> **WHAT TO PRODUCE**: Your answer should hold only the lines from the one with "Wierumerwei 12 Hantumhuzen thumbnail 24" through the end of the records, repeated exactly and minus any pictures.

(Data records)
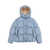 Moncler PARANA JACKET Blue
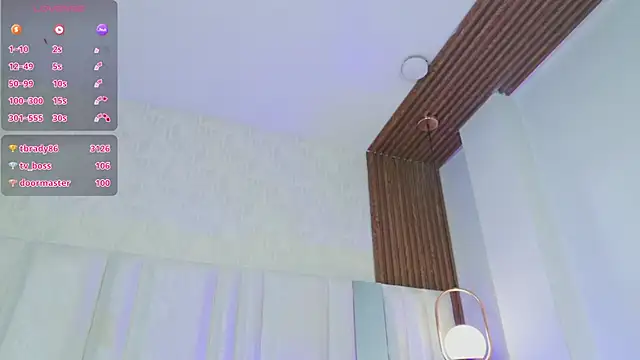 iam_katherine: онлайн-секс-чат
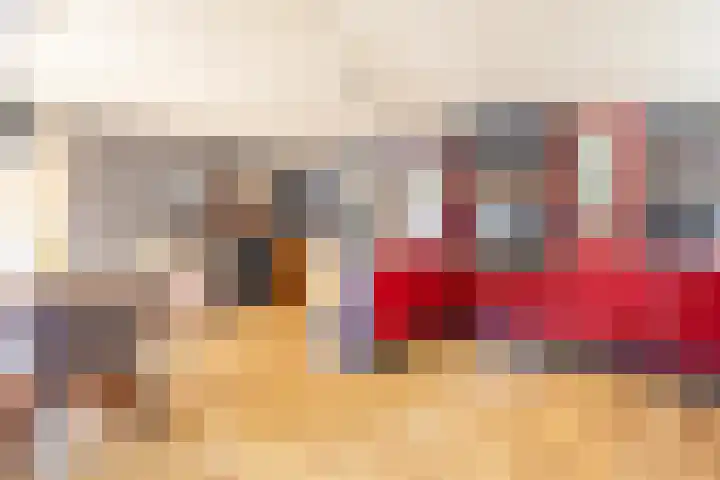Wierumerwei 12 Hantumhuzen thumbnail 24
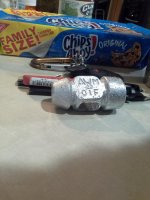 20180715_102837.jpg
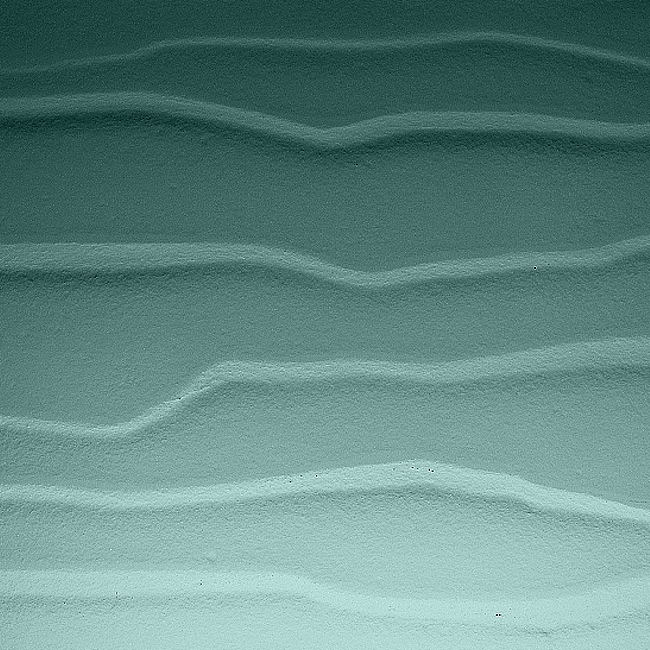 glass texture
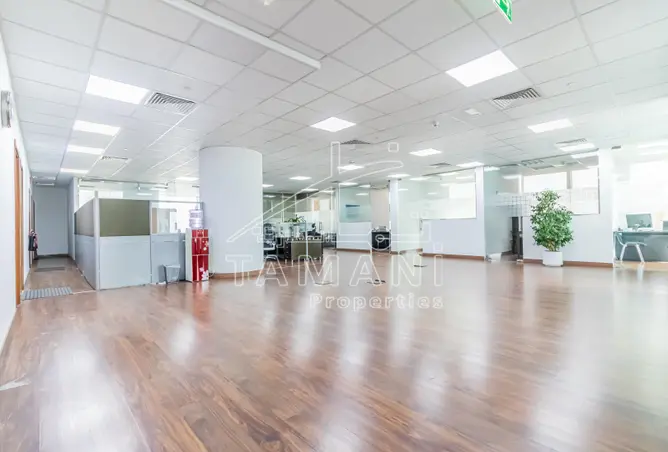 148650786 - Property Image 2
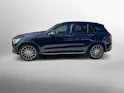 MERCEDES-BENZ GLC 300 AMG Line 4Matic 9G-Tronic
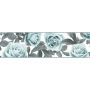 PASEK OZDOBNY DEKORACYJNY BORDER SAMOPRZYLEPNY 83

> **FINISHED TASK**:
Wierumerwei 12 Hantumhuzen thumbnail 24
 20180715_102837.jpg
 glass texture
 148650786 - Property Image 2
 MERCEDES-BENZ GLC 300 AMG Line 4Matic 9G-Tronic
 PASEK OZDOBNY DEKORACYJNY BORDER SAMOPRZYLEPNY 83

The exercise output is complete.